English

UK undercover police escape prosecution for abusing women

Undercover police officers who formed sexual relationships with female members of organisations they were targeting will not face charges, the Crown Prosecution Service (CPS) announced last week.

More than 10 women are taking legal action against the Metropolitan Police (Met), after finding out that their former partners were part of an undercover police unit—the Special Demonstration Squad (SDS)—spying on them and other activists. The SDS was connected to the secret intelligence service, MI5. For 40 years, beginning in 1968, it gathered information on left- and right-wing political parties and campaign groups. It was only closed down in 2008 after it was revealed that the identities of 80 dead children had been stolen to provide its operatives with cover stories.

A number of the SDS operatives went “deep cover” for years, even fathering children with unsuspecting activists.

In its announcement last Thursday, the CPS said it had considered whether the women were tricked into the relationships and “whether there is sufficient evidence to allow charges of rape, indecent assault, procuring a woman to have sexual intercourse by false pretences, misconduct in public office and breaches of the Official Secrets Act.”

It had concluded that “there is insufficient evidence for a realistic prospect of conviction for any offences against any of the officers.”

The fact that the women were unaware that their partners were police officers was not relevant under the Sexual Offences Act, the CPS said. There was “insufficient evidence” to show that the SDS officers had knowingly abused their position in order to form the relationships. This meant misconduct could not be proven.

The CPS decision is absurd on its face. None of the women involved knew that their partners were part of an intelligence gathering operation. The relationships that the SDS operatives formed would have been critical in providing them with the cover they needed to continue their spying.

In opposing the lawsuit, the Met had initially refused to confirm the identities of some of its undercover officers, claiming that it could “neither confirm nor deny” (NCND) their role. This, the Met claimed, was necessary to protect their officers and their undercover operations.

This was rejected by a high court judge in July, forcing the Met to confirm the identities of two SDS operatives, Jim Boyling and Bob Lambert.

Boyling posed as an environmental activist for five years, between 1995 and 2000, under the false name of Jim Sutton. He had relations with at least three women during that time, one of whom he later married and fathered two children with. They were divorced in 2008.

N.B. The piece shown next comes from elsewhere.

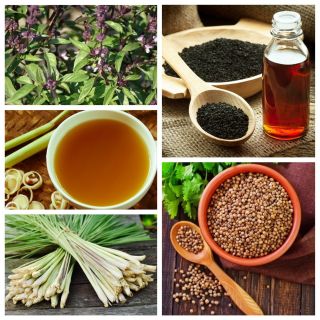 The taste of the Orient - seeds of 4 vegetable plants' species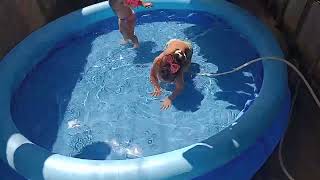 #shopee piscina  inflável Atrio Acqua 2500 litros#montage #divertido #água #compras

Lambert infiltrated animal rights and environmental groups between 1984 and 1988, under the name Bob Robinson, fathering a son with one campaigner and having relations with others.

Mr Justice Bean ruled that both men had already been publicly identified as undercover officers and that the Met’s resort to NCND was “simply unsustainable.” However, he ruled that the Met did not have to confirm or deny two other undercover officers, known as John Dines and Mark Jenner.

The Met denies that Lambert and Boyling were authorised to form the relations or that “intimate and sexual relationships were started as a deliberate tactic” to spy on activists. It claims that the SDS operatives began the relationships “because of mutual attraction and genuine personal feelings.”

Belinda Harvey, who unwittingly had a relationship with Lambert, rejected the claims: “How can a relationship be genuine when it is based on a massive web of lies? He pretended to be a man with noble ideals and political commitments, when in reality he was a police officer spying on our friendship network.

“He pretended he was committed to the future when he always knew he would go back to his real job and wife and kids. That doesn’t show genuine feelings; it is abuse and I would never have consented to such a relationship had I known.”

The women have described their experiences as being “raped by the state.”

Revelations over the activities of the SDS had led to an ongoing investigation, Operation Herne. The CPS decision confirms that what is actually underway is a cover-up of state spying.

It was confirmed only in July that the SDS had illegally gathered information on families fighting police inaction or collusion in the killings of their loved ones. Former SDS operative Peter Francis had revealed last year that the unit had spied on the family of Stephen Lawrence, murdered in a racist attack in 1993. The aim was to smear the family, who had led a long campaign to expose police inaction and corruption in the failure to prosecute their son’s killers.

The Lawrence campaign was just one of 18 justice campaigns for murder victims and those who had died following contact with the police. They include the Justice for Jean Charles de Menezes, the young Brazilian electrician executed by plainclothes police on the London Underground on July 22, 2005, and the family of Cherry Groce, whose shooting by police in 1985 led to the Brixton riots.

SDS recruit Mark Jenner, who went under the identity “Mark Cassidy”, infiltrated the Colin Roach Centre in the 1990s. Roach was a 21-year-old black man who died in police custody in 1983. “Cassidy” formed a four-year relationship with a woman unaware of his undercover activities and fathered a child with her. She is one of the women involved in the lawsuit against the Met.

In total, hundreds of groups and campaigns were targeted over the four decades of the SDS’s existence. Not only did they spend years posing as activists and gathering information, but they also organised provocations against the groups they were undercover in. Among those known to be targeted are the Socialist Party of England and Wales’ predecessor organisation, the Militant group, and its youth organisation, Youth Against Racism in Europe (YRE), in the mid-1990s.